*** MATERIAL FOR THIS EXERCISE Section Begins ***

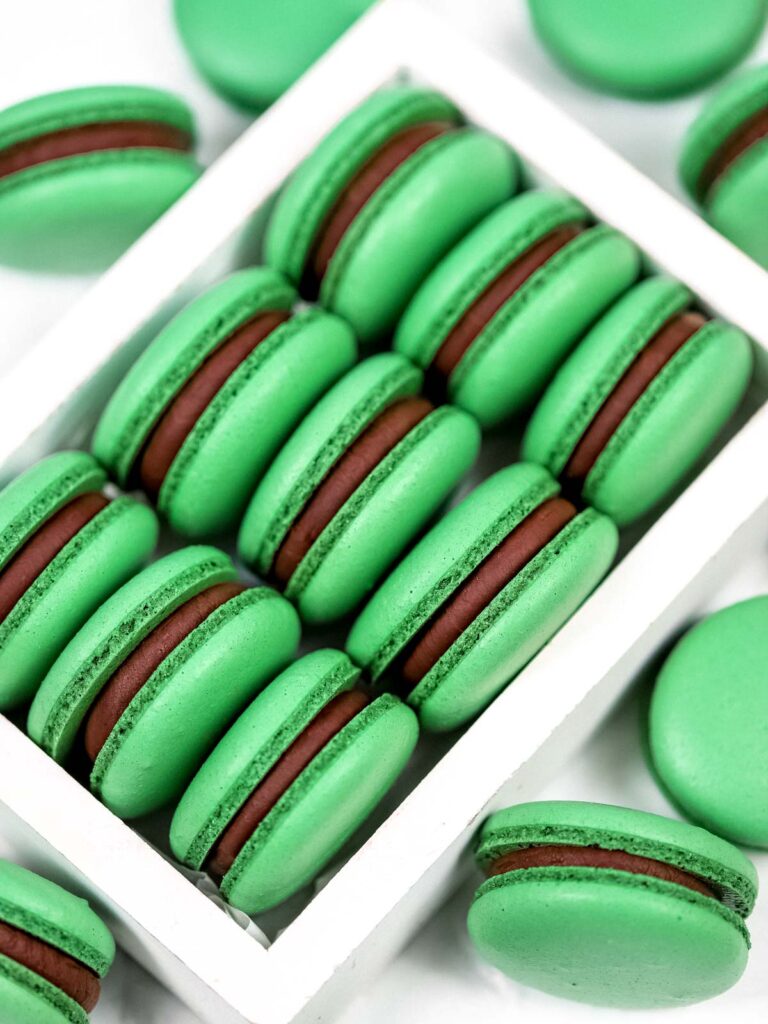 Mint Chocolate Macarons in the box. 
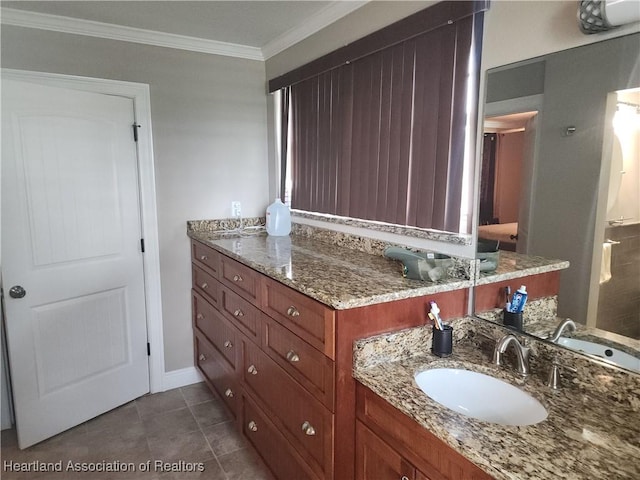 full bath with crown molding, vanity, and tile patterned floors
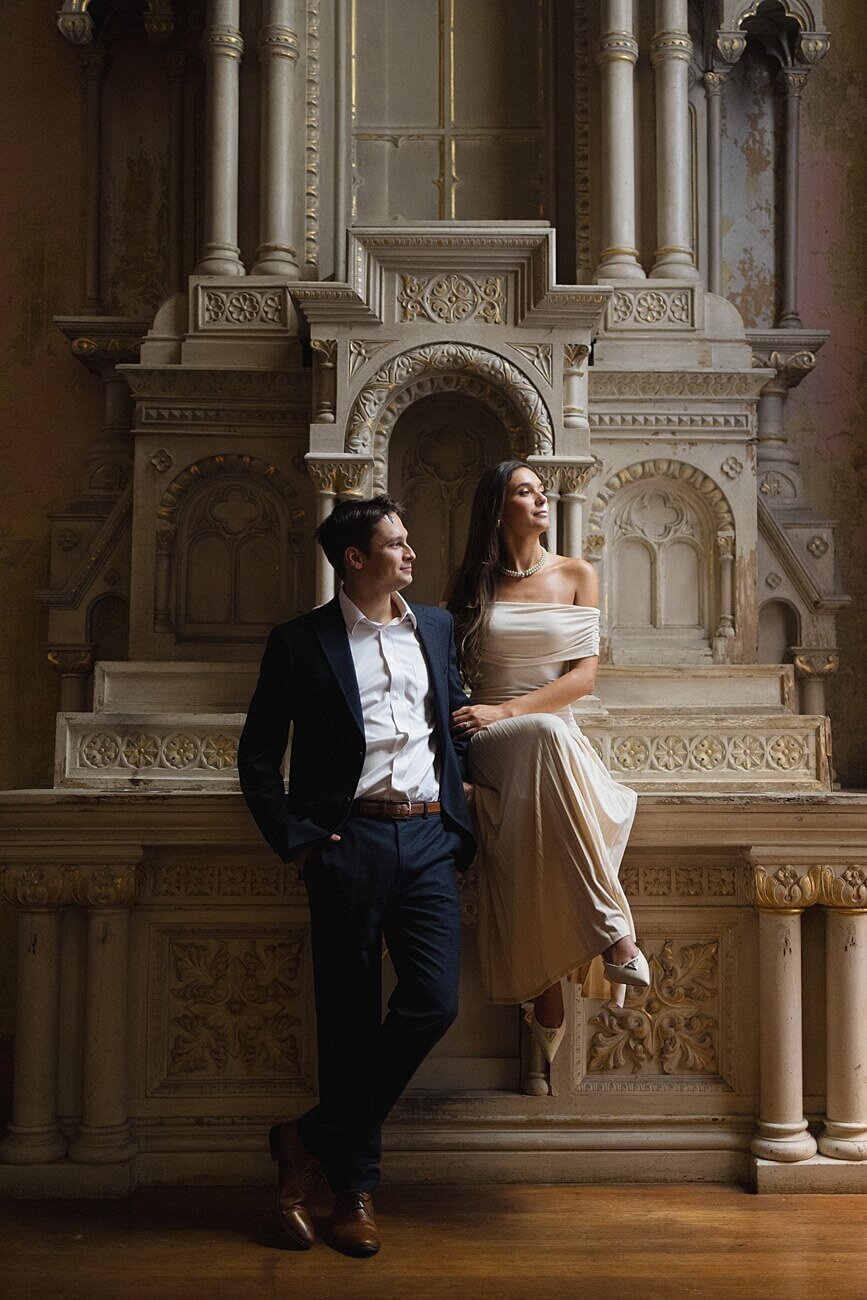 Couple sitting on mantle at Hotel Peter and Paul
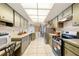 Galley kitchen features tiled floors, matching countertops, and ample cabinet storage at 21169 Edgewater Dr, Port Charlotte, FL 33952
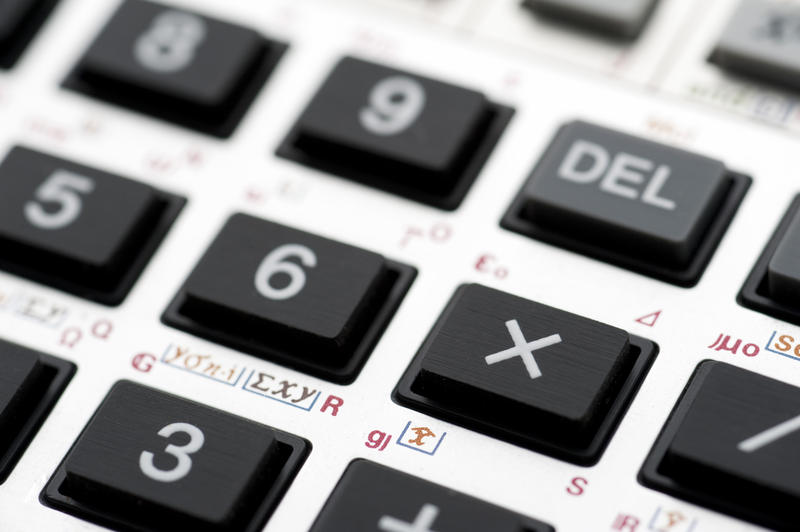 Closeup of the keypad of a calculator with focus to the multiply key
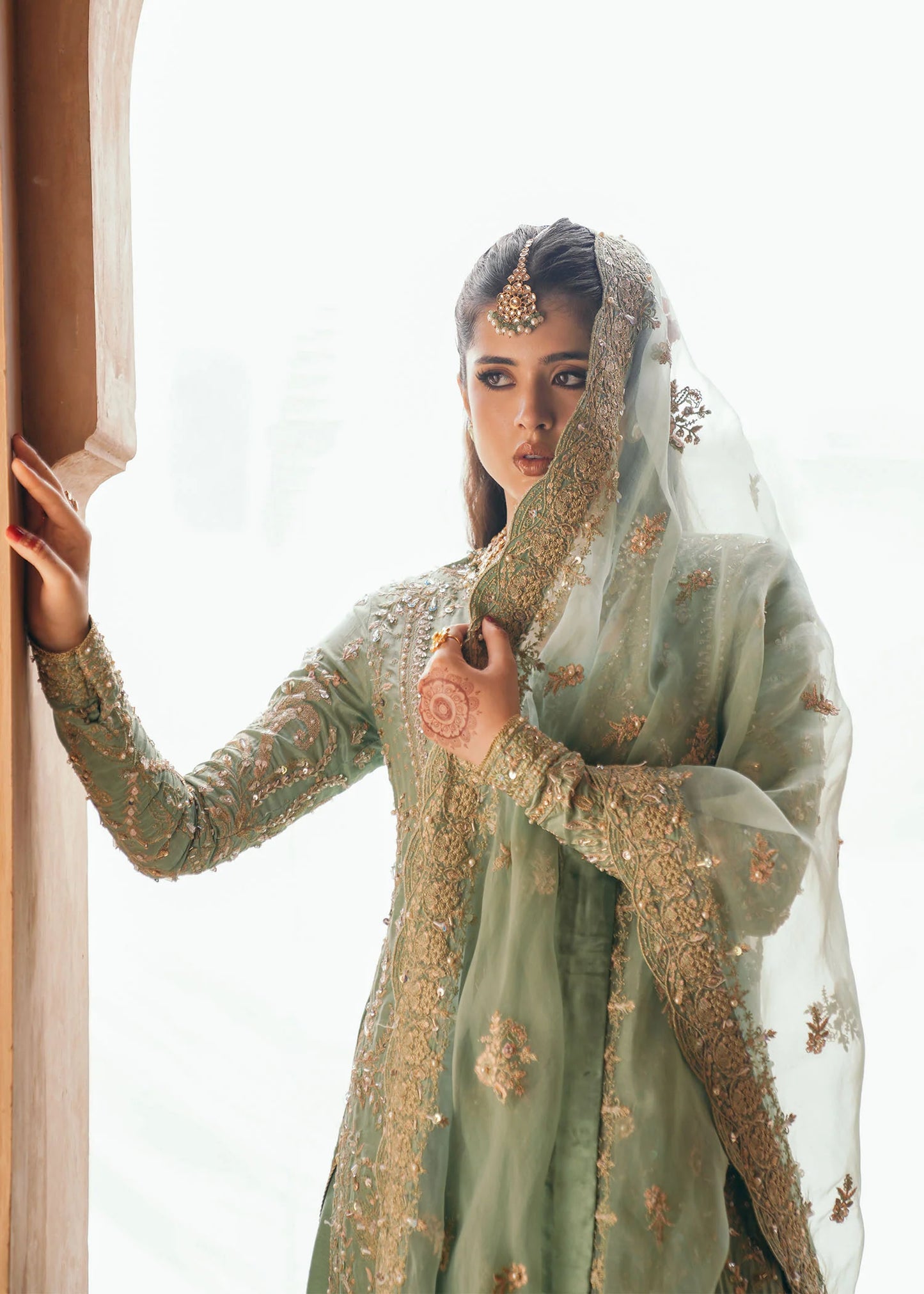 Model wearing Kaneez by Kanwal Malik in mint green with gold embroidery – luxurious Pakistani luxury pret outfit in UK.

*** MATERIAL FOR THIS EXERCISE Section Ends ***

Extract the run of lines beginning with the line that holds "Galley kitchen features" and ending at the last line of the data, inclusive. Exclude any pictures from the copy.

 Galley kitchen features tiled floors, matching countertops, and ample cabinet storage at 21169 Edgewater Dr, Port Charlotte, FL 33952
 Closeup of the keypad of a calculator with focus to the multiply key
 Model wearing Kaneez by Kanwal Malik in mint green with gold embroidery – luxurious Pakistani luxury pret outfit in UK.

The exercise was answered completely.